ASSIGNMENT>
Once the line containing "Brown And Natural" is found in the entries below, restate it and each following line word for word, stopping after the line containing "Specchio da parete".

····················

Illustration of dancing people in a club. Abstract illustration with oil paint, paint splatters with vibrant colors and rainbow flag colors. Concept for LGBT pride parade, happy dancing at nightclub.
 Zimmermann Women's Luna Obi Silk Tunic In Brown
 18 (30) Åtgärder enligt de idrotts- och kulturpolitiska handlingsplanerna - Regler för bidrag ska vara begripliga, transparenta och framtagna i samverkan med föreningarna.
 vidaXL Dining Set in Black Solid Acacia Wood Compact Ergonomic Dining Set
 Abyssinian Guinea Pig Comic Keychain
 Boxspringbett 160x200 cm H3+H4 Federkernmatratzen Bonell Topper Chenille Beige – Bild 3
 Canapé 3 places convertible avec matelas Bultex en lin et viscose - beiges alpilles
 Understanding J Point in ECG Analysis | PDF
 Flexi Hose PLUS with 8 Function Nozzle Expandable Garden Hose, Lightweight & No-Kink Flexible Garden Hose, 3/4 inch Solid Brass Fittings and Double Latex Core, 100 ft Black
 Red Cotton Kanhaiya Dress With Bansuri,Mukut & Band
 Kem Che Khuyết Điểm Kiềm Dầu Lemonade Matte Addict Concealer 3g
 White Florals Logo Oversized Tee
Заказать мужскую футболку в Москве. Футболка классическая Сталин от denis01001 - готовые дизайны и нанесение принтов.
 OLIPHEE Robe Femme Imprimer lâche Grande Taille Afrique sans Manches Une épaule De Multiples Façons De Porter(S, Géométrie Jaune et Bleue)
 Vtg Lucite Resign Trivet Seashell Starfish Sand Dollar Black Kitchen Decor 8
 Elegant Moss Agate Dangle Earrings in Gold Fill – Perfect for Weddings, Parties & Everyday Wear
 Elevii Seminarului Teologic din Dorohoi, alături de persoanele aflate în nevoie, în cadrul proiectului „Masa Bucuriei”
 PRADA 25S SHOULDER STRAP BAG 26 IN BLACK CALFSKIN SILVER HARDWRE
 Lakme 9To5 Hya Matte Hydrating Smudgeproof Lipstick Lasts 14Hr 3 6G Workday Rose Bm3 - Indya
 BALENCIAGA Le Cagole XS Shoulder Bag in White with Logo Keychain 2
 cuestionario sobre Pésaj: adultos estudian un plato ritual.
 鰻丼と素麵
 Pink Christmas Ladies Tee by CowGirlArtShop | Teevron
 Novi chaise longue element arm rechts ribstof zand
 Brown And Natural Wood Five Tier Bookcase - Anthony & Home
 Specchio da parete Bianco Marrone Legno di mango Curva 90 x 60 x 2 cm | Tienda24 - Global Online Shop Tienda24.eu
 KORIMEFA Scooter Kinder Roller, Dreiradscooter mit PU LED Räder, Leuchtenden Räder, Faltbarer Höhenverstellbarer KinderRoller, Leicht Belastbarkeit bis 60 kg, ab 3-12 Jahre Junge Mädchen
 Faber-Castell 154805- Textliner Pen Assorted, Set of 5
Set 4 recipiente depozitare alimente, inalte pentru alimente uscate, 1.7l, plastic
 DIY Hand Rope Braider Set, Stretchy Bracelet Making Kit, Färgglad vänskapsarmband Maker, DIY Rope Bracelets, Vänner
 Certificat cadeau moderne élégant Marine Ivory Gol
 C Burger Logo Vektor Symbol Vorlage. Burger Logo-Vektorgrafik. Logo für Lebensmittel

····················

THE COMPLETED TASK>
 Brown And Natural Wood Five Tier Bookcase - Anthony & Home
 Specchio da parete Bianco Marrone Legno di mango Curva 90 x 60 x 2 cm | Tienda24 - Global Online Shop Tienda24.eu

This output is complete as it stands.